The discussion in Clarify naming of .dist-info directories has reminded me of a couple subtle problems with PEP 427 and its handling of versions in wheel filenames, and now that progress is being made on escaping of versions in sdist and .dist-info
directory names, this seems like as good a time as any to bring it up.
Problem number 1: PEP 427 requires that the version component of a wheel filename only contain alphanumeric characters, underscores, and periods, with all other characters converted to underscores; however, this overlooks the fact that, per PEP 440, version strings can also contain exclamation points (to denote version epochs) and plus signs (to denote local version identifiers). Converting these two symbols to underscores causes a loss of information that makes it impossible in certain cases to compare the versions of two wheels just by inspecting their filenames; for example, 1!2
, 1+2
, and 1-2
all end up escaped as 1_2
(which, incidentally, is not a valid PEP 440 version; see below). The wheel project ran into this problem in issue 268, which led to them greatly loosening their wheel filename regex, and the author of PEP 427 has written that applying the same escaping rules to the version component as to the other filename components is āprobably a mistakeā, yet there does not appear to have ever been any follow-up on this.
I would thus like to request that the relevant standards be amended to allow !
and +
in version components of wheel, sdist, and .dist-info
names. For the record, a scan yesterday of the 1,396,899 wheels on PyPI found 58 with exclaimation points in their versions and 244 with plus signs (the latter presumably uploaded before Warehouse started blocking local versions), in comparison to the 998 with underscores in their version components.

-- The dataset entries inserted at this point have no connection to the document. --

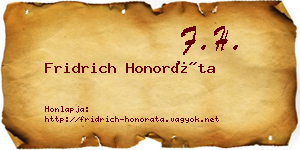 Fridrich Honoráta névjegykártya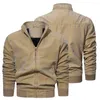 Herenjacks trendy bomber jas super zachte pure kleur ribbing bodem windjager stand kraag plus size mannen voor dagelijkse slijtage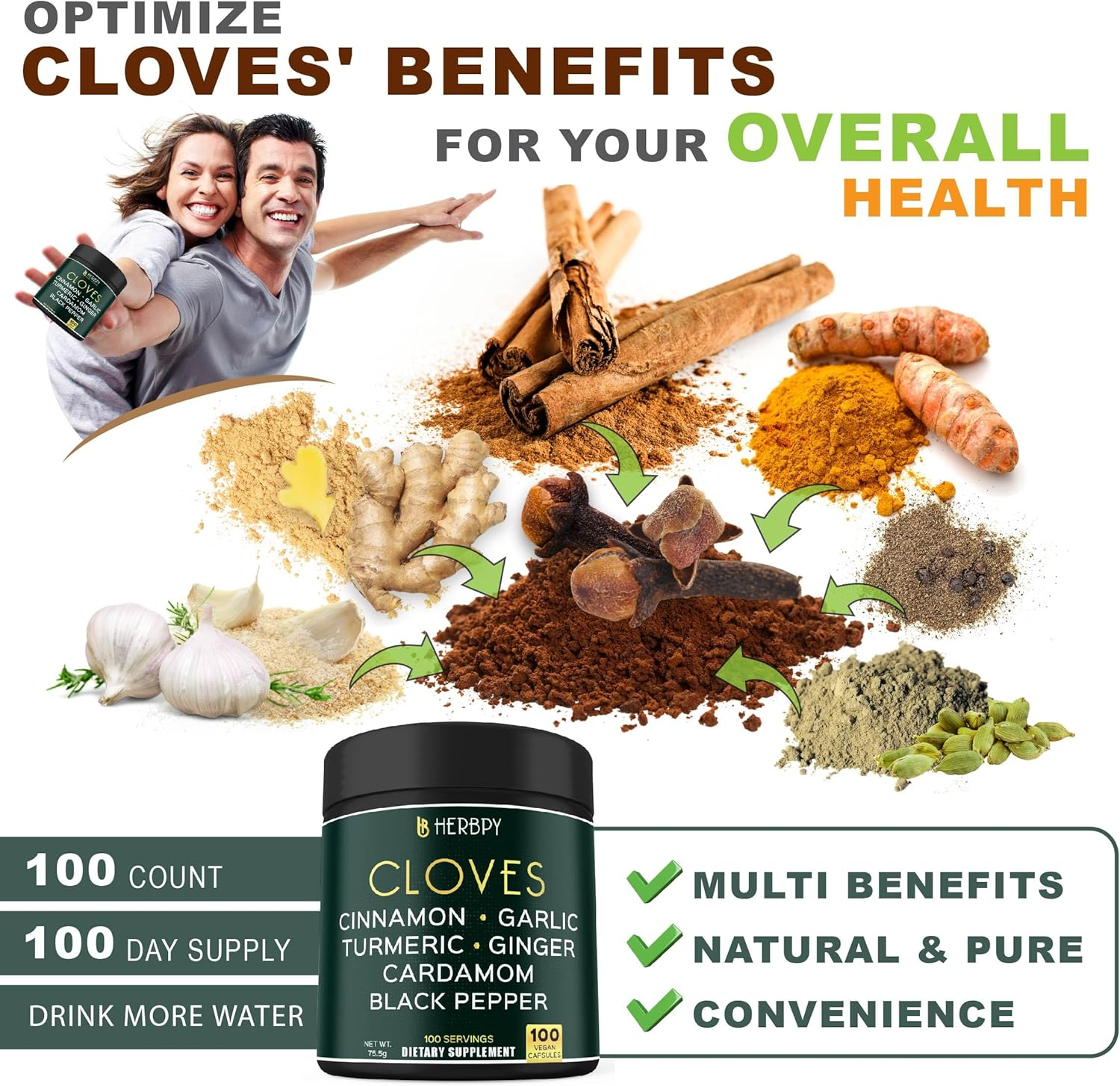 7In1 Clove Supplement Rich in Vitamins & Minerals Supports Digestion, Immune & Heart Health with Cinnamon, Turmeric, Ginger, Cardamom, Garlic & Black Pepper - 100 Vegan Capsules image number 5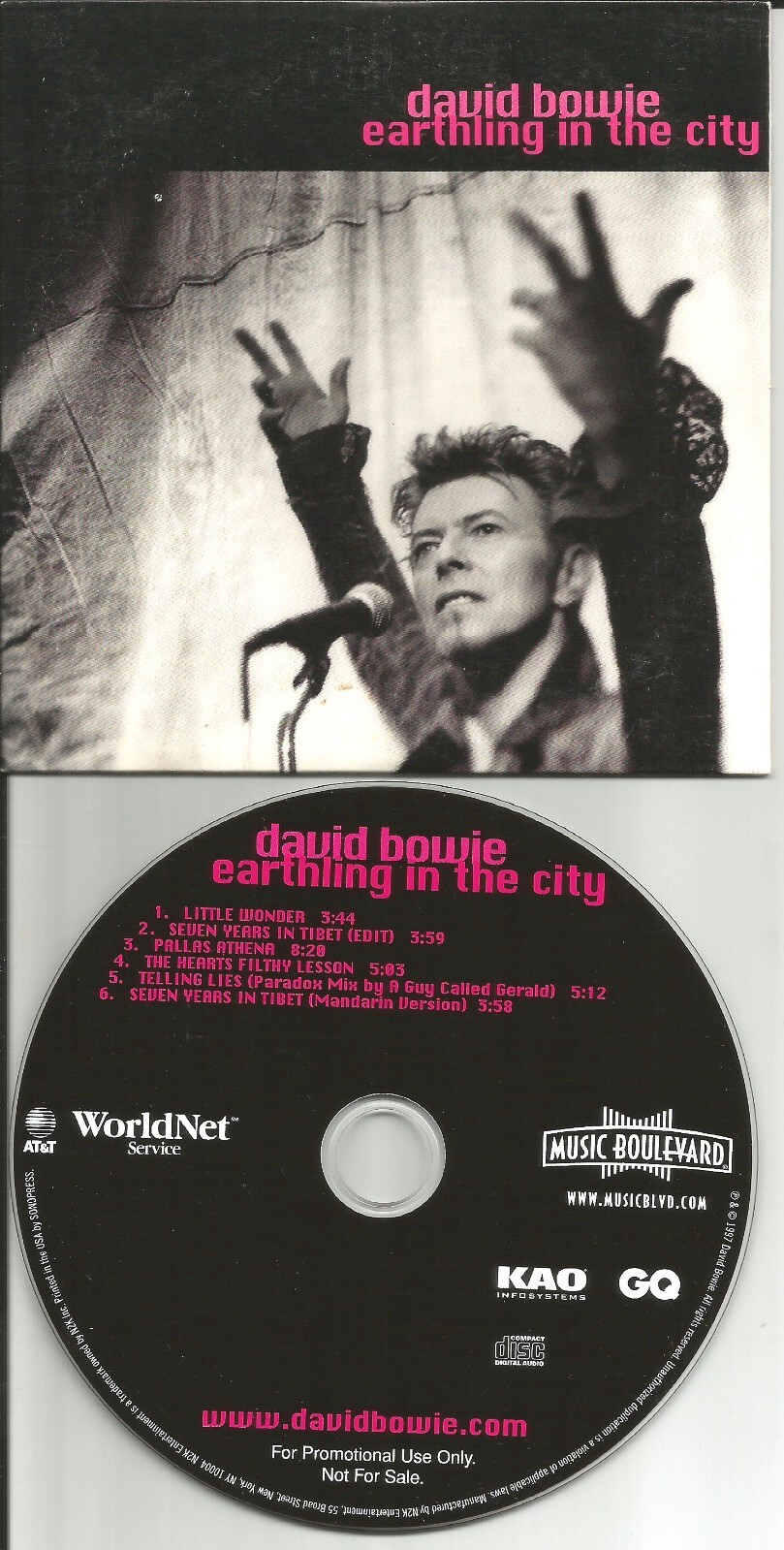 DAVID BOWIE Earthling in  City w /3 RARE LIVE TRACKS & rare MIX PROMO CD Single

The second problem with version escaping as currently specified is its blanket transformation of all hyphens to underscores. Under PEP 440, hyphens and underscores in version strings are completely interchangeable, with one exception: the post
in a post-release specifier can be replaced by a hyphen and only by a hyphen. (Interestingly, this restriction contradicts the statement later in the PEP that ā[PEP 440] allows [the underscoreās] use anywhere that -
is acceptable.ā) So if we start out with a version string of the form 1.0-1
(an alternative spelling of the canonical 1.0.post1
), it gets escaped to 1.0_1
, which is not a valid PEP 440 version.
Possible ways to handle this are:
-
Amend PEP 440 and
packaging
to permit underscores in place ofpost
-
Require versions to be canonicalized before escaping, thereby eliminating all hyphens without affecting PEP 440 validity. (The
.dist-info
name proposal already requires project names to be canonicalized, but not versions.) -
Amend the escaping rules for version components to be āReplace all hyphens with underscores, except for those hyphens that indicate an implicit post release, which should instead be replaced with the string
.post
.ā -
Require versions to be escaped by converting them to an equivalent form modulo canonicalization that does not contain a hyphen and leave it up to the wheel, sdist, and
.dist-info
generators exactly what they want to do. -
Document that version strings in file & directory names need to be unescaped before use. Assuming that
!
and+
are allowed unescaped in version components, this leaves the hyphen as the only character in a valid PEP 440 string that needs escaping, and so unescaping is justs.replace("_", "-")
.